Il est démesuré au Québec de répondre à l’anglais omniprésent par l’apprentissage intensif et obligatoire de cette langue au primaire, que le gouvernement Charest implantera cet automne. Évidemment, les immigrants n’en seront que plus perplexes devant la schizophrénie de nos discours officiels et des mesures qui les contredisent ! Les enfants, eux, verront confirmer le message qu’Internet — par la musique, les vidéos, les jeux — leur véhicule déjà : il y a l’anglais pour l’espace public, et il y a les autres langues pour la sphère intime.
Car dans la réalité, il n’y a pas que le français qui soit menacé comme langue publique dans le monde. Ainsi, dans l’Europe aux 23 langues officielles, on se réunit officiellement, débat politiquement et fait affaires en anglais. On appelle cela une diversité culturelle qui se perd.
En tant que fondateur et signataire de la convention sur la diversité culturelle de l’UNESCO, Québec devrait se préoccuper au premier chef d’un tel état des lieux. Et répondre par la solidarité : l’obligation, au secondaire, d’apprendre les rudiments d’une troisième langue. C’est d’ailleurs ce multilinguisme que réclamait cette semaine dans nos pages le groupe de travail créé par Abdou Diouf, secrétaire général de la Francophonie. Mais au Québec, l’école secondaire n’offre même pas partout l’espagnol, langue d’Amérique de surcroît voisine de la nôtre.

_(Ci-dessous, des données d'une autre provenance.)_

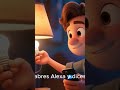¿Cómo conectar una bombilla con Alexa?#alexa #domotica #tecnologia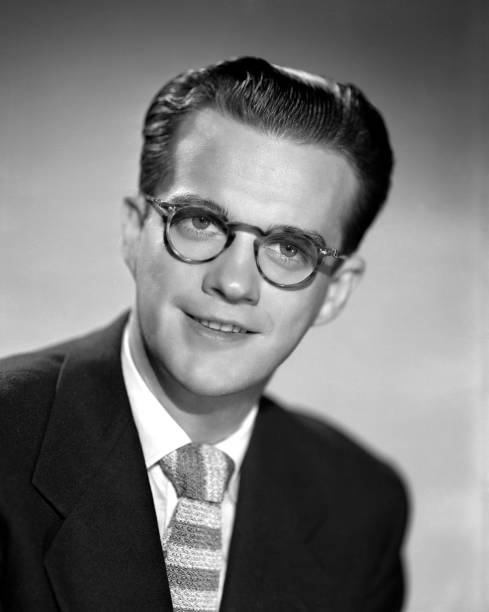 Bill Cullen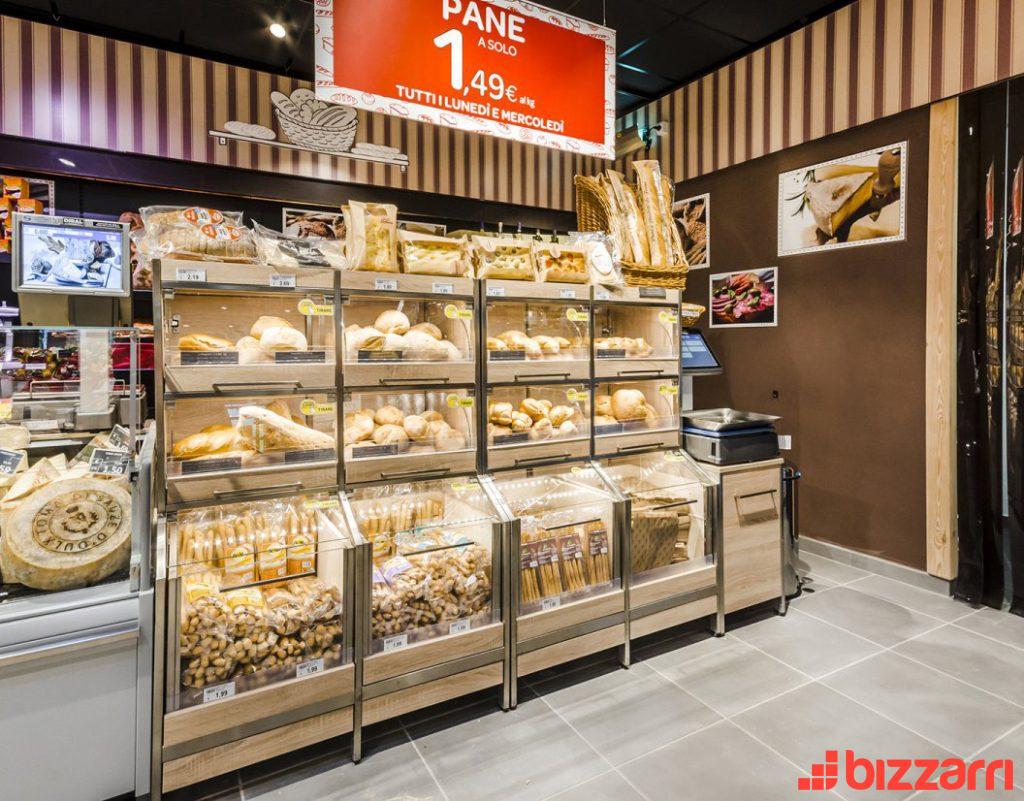 bizzarri-group-prodotti-panetteria-self-service-cc-realizzazioni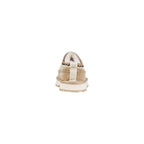 Emu Australia Women Slippers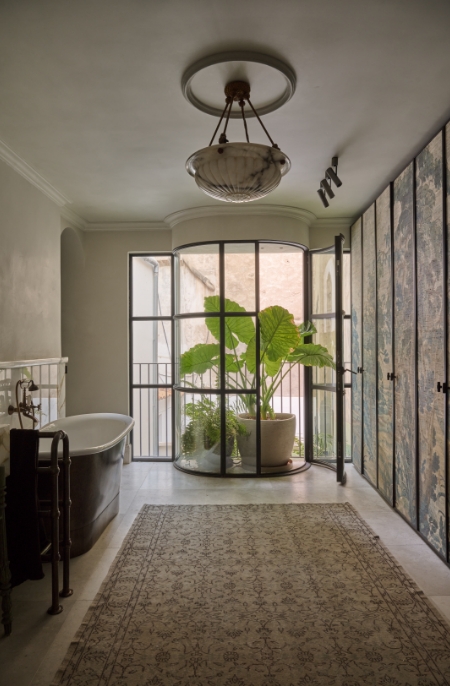 arquitectura 2arquitectos mobile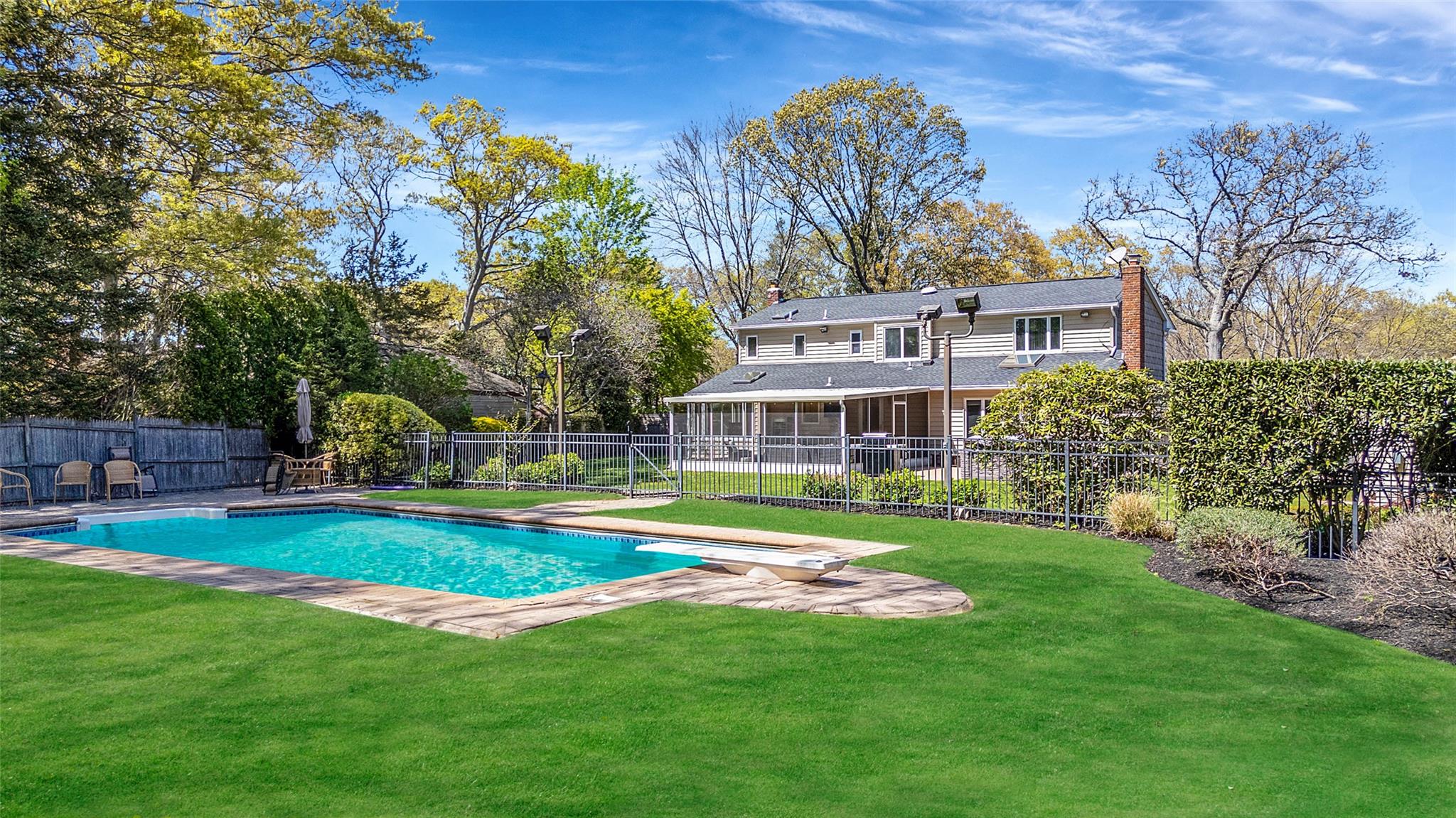 4 Victor Place, Lake Grove, New York image 40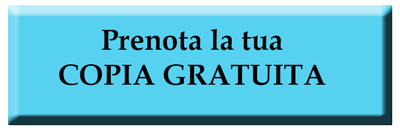 prenota-copia-gratis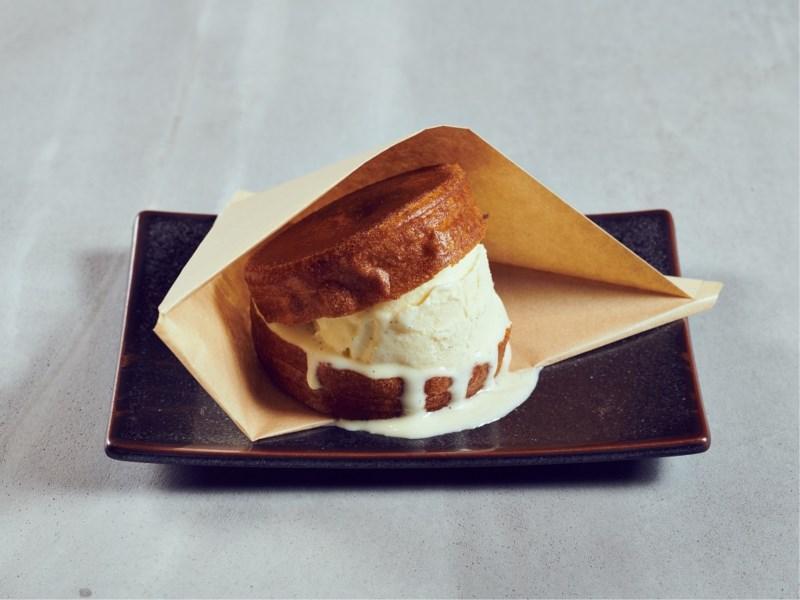 Hotel Androoms Shin-osaka 3*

Et il faut insister sur la qualité même de notre français. Le conflit étudiant nous a fait connaître des leaders éloquents, à la langue nette. C’est heureux. Mais cela ne doit pas occulter les approximations dont le vocabulaire de tous les jours, des jeunes comme des vieux, est émaillé et les erreurs qui se multiplient à l’écrit. Six mois de français intensif, appuyés de romans, de films, de chansons, seraient bien de mise dans nos écoles !…. On est loin d’une telle prise de conscience, mais il faut se réveiller.